You simply cannot let a tired or grumpy team member make a negative impression on a guest or detract from the guest experience. Team-building and collaborative training can help, as well as conveying to all hotel staff members that they are part of a cohesive unit. If your team knows that they can rely on a counterpart to step up and help out in a pinch, the resulting atmosphere of positivity and mutual support can have a remarkable overall impact on team morale and guest perception.
- Trust and communication
That teamwork and mutual support is only possible if your team not only trusts, but talks. Make sure you build and maintain clear lines of communication-even and especially between departments and between shifts. If every component of your operation is communicating well together and everyone understands they are pulling on the same rope, you minimize the odds of resentment or frustration and create an atmosphere of collaborative positivity. Housekeeping can step up and clean a room early. Room service can remake an order. Great communication and trust leads to accountability (both on an individual and team level) and the attention to detail that is crucial in an environment where even one disappointment can spoil a hospitality experience.
- Empower your team
It's management's obligation to practice the same level of trust and communication, as well.
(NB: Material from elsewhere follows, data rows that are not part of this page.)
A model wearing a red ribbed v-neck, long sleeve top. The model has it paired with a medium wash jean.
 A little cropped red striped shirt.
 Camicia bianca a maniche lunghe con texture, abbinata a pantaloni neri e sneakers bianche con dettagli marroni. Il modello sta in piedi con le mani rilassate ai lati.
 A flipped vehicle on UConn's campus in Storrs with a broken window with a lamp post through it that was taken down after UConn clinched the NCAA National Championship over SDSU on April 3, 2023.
If you want your team to be independent and decisive, you have to let them know that you will support them in their decision-making, and that mistakes and failures are learning opportunities.
- Anticipate guest needs
While it's impossible to anticipate every guest request or potential problem, that doesn't mean that there isn't value in making every reasonable attempt to do so. Particularly today, when there is more detailed information available about your guests and their preferences and priorities than ever before, there's no excuse for not leveraging that data to enhance the guest experience. Train your team to make use of those tools, and to learn to think ahead and anticipate as much as possible. If you can meet a guest request without them even asking or solve a problem before it occurs, you won't even have to say yes. And your guest service will reach a whole new level.
Positivity. Teamwork. Trust and communication. Empowerment. These might seem like abstract ideas, but there are very concrete and specific steps to manifest them. Take those steps. Implement those policies. Evaluate and train and practice and reinforce. Hotel management companies that commit to those ideals will find that they are well on their way to that all-important culture of yes.